D’autant que les « native english » ont eux, de leur côté, fait preuve de davantage d’honnêteté journalistique ou de précision :
« After 'Squirrel Institute' slip-up, the government says 20% of Russian officials must speak a foreign language by 2020 »
(The Guardian en ligne)
Sur un forum russe, les commentaires à cette info sont féroces ou moqueurs. C'est perçu comme un effet d'annonce et comme un moyen de plus pour profiter de l'argent public, pas comme un but réaliste et atteignable.
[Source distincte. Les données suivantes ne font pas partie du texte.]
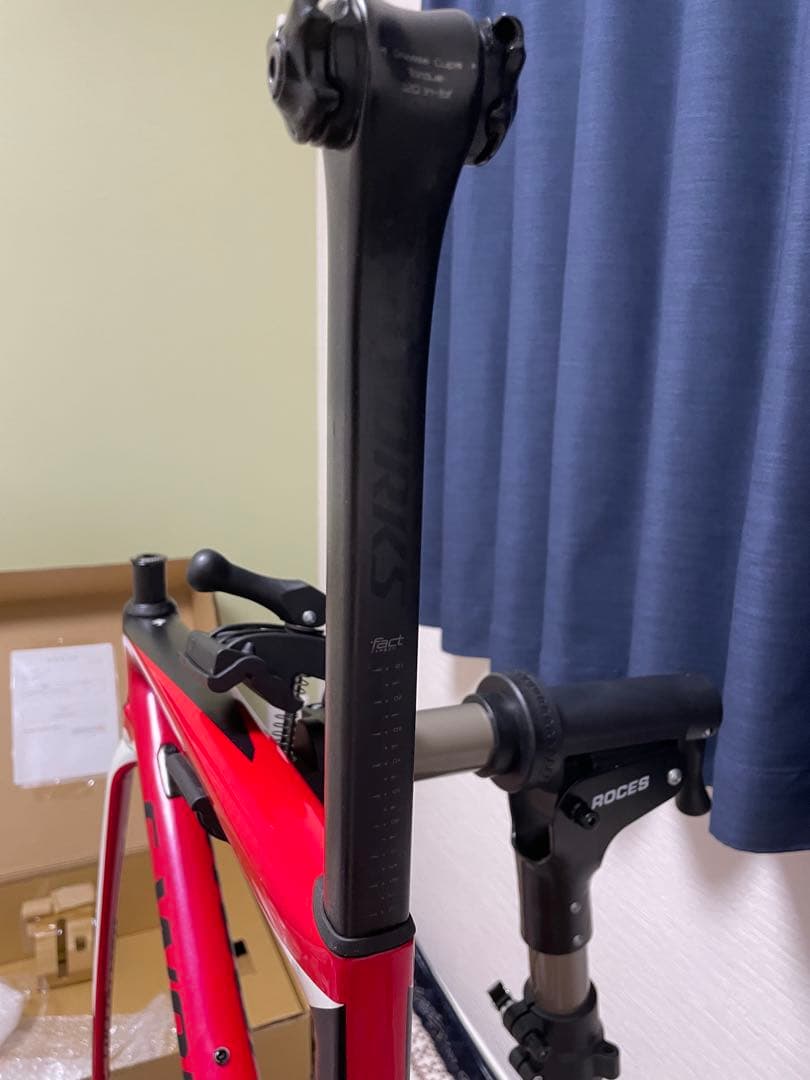 S-WORKS TARMAC SL6 52サイズ　スペシャライズド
En voici un échantillon :
— Avant d'apprendre l'anglais aux fonctionnaires, il faut d'abord leur "désapprendre" leur penchant pour les pots-de-vin ;
— Ils vont payer aux fonctionnaires des vacances à l'étranger - avec les impôts du contribuable ;
— Le pays a bien d'autres problèmes plus urgents.
— Ils vont pouvoir s'adresser en anglais aux retraités sans abri - c'est chic
— Ils feraient mieux de construire des canalisations dans les villages russes. Dès qu'on s'éloigne un peu de Moscou, c'est comme au temps des tsars : un trou dans le sol et l'eau dans le puits.
— Un fonctionnaire, jeune et instruit, arrivera dans un village et dira : "This hole is OK to drop the shit." !
2. Dans le même ordre d’idée, la même situation mais inversée, c’est un média ukrainien russophone qui a rajouté la mention de l’anglais !
Dans un article de Libé sur la vente des films français à l'étranger, on lit "Selon uniFrance, ces résultats s’expliquent par l’absence de film porteur l'an dernier."
Et dans un article ukrainien (traduit) : "L'organisation cinématographique "Unifrance" prétend que la raison de ces chiffres désastreux est l'absence des films porteurs français, tournés en anglais."
Conclusion : méfiance, méfiance... Lisons des deux yeux, et ouverts de préférence !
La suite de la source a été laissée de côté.